▸ Given information:
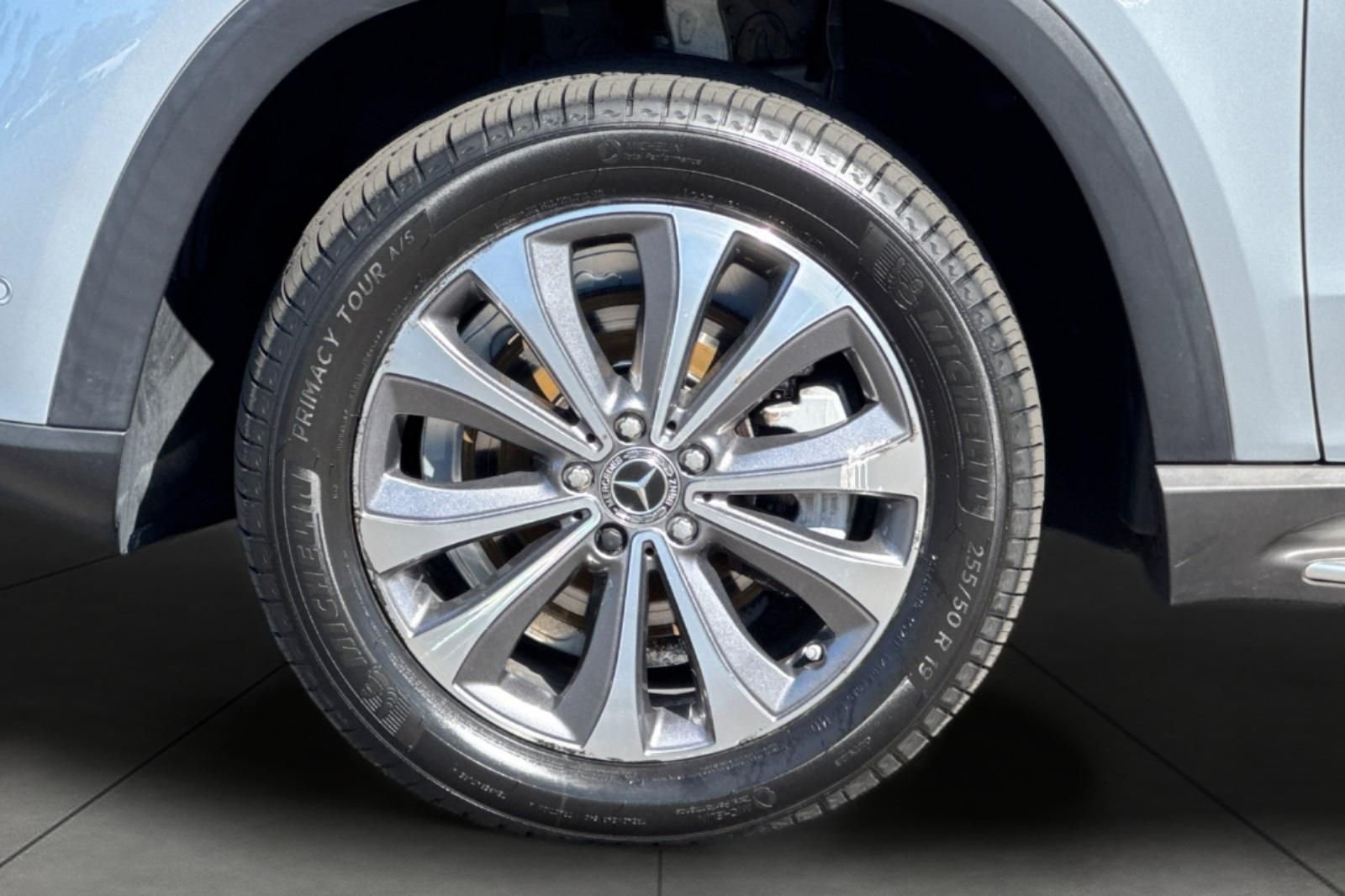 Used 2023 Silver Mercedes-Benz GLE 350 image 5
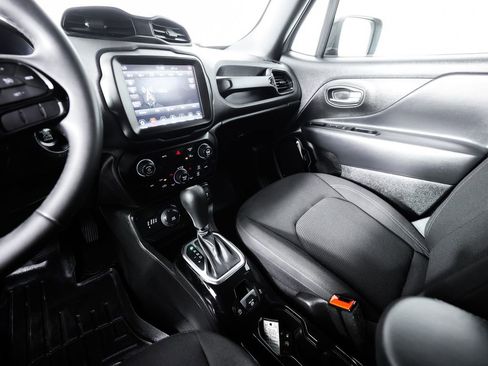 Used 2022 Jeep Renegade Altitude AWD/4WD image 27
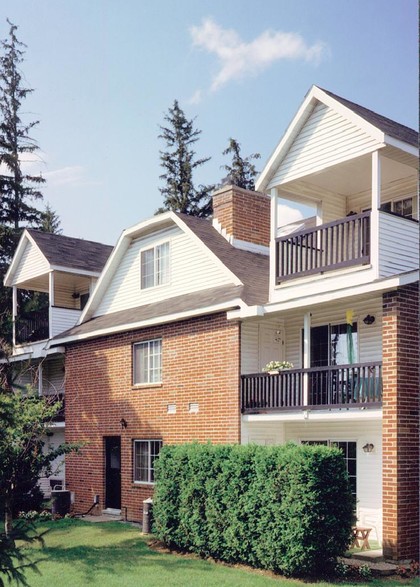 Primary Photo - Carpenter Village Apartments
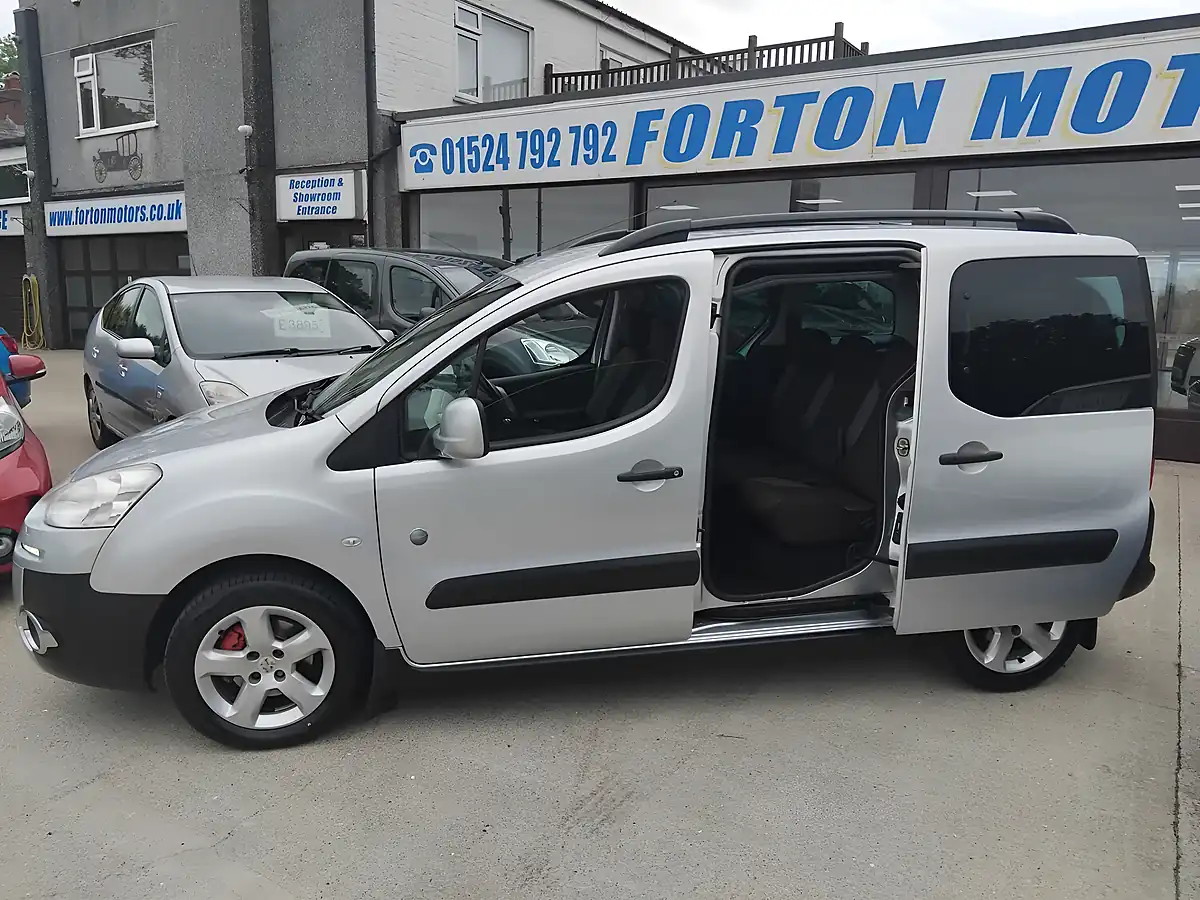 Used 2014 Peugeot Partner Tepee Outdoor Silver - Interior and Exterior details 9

▸ Exercise:
The exact lines from the one containing "Used 2022 Jeep" through the end of the data are to be copied, with both ends kept and pictures left out.

▸ Completed exercise:
 Used 2022 Jeep Renegade Altitude AWD/4WD image 27
 Primary Photo - Carpenter Village Apartments
 Used 2014 Peugeot Partner Tepee Outdoor Silver - Interior and Exterior details 9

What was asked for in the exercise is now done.